The Centers for Medicare and Medicaid Services, which issued the rule and was a defendant in the lawsuit, said Monday that it is reviewing the court’s decision. The federal government previously said in a court filing that the rule is consistent with the law and is intended to provide flexibility to health insurers and states.

While many patients rely on drugmakers’ financial assistance to offset the cost of their medications, health insurers have raised concerns that the assistance can steer patients toward pricier drugs. Copay assistance from pharmaceutical companies trimmed patient costs by nearly $19 billion in 2022 and nearly $80 billion over the last five years, according to the life-sciences research firm IQVIA Holdings Inc.
IQV,
-1.46%.

In response to all the drugmaker financial assistance, many insurers have implemented “copay accumulator” programs that leave out the value of that assistance when calculating patients’ progress toward meeting their deductibles and annual cost-sharing maximums. A patient with a $2,000 monthly drug cost, $4,000 in drugmaker financial assistance and a $6,000 cost-sharing maximum, for example, would pay a total of $2,000 annually out of pocket without a copay-accumulator program — but with a copay-accumulator program, the patient’s yearly out-of-pocket cost jumps up to $6,000, the court noted.

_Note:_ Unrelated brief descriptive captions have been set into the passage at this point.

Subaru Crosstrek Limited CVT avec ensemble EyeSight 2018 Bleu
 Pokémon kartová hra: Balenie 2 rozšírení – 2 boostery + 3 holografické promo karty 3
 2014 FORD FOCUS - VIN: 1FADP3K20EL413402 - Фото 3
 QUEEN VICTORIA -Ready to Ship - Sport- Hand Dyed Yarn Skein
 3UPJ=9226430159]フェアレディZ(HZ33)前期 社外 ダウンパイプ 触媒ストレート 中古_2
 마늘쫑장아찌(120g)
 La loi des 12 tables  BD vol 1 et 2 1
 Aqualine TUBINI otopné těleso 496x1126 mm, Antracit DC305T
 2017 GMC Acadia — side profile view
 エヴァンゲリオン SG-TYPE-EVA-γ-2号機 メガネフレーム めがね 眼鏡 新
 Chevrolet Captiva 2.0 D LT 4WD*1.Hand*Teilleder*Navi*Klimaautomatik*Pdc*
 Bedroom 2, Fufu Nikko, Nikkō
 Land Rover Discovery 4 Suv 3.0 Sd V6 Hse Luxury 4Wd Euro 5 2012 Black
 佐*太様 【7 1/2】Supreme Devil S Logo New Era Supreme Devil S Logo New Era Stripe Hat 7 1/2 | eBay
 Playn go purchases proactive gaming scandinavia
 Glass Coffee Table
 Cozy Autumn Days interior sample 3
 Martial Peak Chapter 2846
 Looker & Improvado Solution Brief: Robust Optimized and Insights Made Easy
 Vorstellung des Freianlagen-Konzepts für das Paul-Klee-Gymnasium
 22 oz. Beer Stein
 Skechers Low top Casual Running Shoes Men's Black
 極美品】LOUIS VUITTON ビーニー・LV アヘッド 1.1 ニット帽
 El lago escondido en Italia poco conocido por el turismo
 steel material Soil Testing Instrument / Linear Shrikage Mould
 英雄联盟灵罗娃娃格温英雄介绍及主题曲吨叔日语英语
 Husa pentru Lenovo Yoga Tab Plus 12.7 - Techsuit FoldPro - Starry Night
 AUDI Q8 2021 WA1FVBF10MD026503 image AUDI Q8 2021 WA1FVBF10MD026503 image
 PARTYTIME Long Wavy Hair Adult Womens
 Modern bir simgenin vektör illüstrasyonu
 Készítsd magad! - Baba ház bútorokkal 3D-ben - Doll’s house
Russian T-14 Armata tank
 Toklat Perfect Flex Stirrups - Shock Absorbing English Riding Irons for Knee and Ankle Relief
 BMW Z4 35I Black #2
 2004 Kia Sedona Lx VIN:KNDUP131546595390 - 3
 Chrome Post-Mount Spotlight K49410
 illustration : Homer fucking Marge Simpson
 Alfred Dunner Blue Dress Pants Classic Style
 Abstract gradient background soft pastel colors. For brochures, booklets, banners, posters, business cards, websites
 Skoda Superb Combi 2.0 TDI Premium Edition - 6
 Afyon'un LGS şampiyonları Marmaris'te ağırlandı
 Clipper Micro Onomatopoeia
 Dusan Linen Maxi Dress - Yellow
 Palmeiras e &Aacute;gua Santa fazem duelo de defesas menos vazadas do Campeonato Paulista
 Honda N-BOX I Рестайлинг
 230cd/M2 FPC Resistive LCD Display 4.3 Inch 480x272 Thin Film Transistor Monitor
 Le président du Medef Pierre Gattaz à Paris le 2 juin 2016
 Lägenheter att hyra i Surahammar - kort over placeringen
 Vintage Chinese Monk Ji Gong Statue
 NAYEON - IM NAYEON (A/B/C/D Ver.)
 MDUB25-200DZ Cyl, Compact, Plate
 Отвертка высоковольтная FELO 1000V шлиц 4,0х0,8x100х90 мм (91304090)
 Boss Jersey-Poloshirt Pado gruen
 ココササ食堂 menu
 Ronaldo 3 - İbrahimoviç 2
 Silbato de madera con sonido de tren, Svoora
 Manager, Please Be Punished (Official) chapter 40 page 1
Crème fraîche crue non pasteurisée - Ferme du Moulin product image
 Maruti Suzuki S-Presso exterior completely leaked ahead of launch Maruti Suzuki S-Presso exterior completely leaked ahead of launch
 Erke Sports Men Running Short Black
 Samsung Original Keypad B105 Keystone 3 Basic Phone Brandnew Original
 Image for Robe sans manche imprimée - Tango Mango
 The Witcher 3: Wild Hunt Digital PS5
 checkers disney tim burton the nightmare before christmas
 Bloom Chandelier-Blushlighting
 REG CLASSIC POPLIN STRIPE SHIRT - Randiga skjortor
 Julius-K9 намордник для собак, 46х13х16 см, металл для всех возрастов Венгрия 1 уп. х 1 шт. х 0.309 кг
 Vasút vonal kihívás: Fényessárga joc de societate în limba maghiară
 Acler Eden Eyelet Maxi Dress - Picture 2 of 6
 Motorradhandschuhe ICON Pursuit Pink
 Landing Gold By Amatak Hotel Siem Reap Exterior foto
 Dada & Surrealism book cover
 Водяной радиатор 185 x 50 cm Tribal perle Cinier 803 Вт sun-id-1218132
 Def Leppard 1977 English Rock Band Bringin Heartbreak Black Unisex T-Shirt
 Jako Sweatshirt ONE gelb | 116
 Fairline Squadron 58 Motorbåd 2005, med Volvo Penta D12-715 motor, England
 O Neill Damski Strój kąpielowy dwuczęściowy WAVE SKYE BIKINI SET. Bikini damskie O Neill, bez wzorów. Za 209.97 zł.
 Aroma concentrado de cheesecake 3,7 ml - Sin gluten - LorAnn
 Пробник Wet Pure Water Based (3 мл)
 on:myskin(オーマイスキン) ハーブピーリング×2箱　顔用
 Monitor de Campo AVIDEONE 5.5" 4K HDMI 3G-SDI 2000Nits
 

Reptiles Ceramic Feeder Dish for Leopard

“The insurer thus collects $10,000 in cost-sharing payments as opposed to the $6,000 it would have collected in the absence of the copay accumulator,” D.C. District Court Judge John Bates wrote in his opinion. 

The health-insurance trade group AHIP said in a statement Monday that copay assistance for brand-name drugs lets drugmakers “set ever higher prices and avoid negotiating discounts with insurers to lower cost-sharing.” The group added that “coupon accumulators hold manufacturers responsible for the list price of their drugs without increasing patient cost-sharing.”

Patient advocates say the court decision sets the clock back to 2020, when copay accumulators were allowed only for brand-name drugs that have a generic equivalent, and only where permitted under state law.

As of this summer, 20 states had laws that address copay-accumulator programs by requiring that any payments made on a patient’s behalf be applied toward annual out-of-pocket cost-sharing requirements, according to the National Conference of State Legislatures.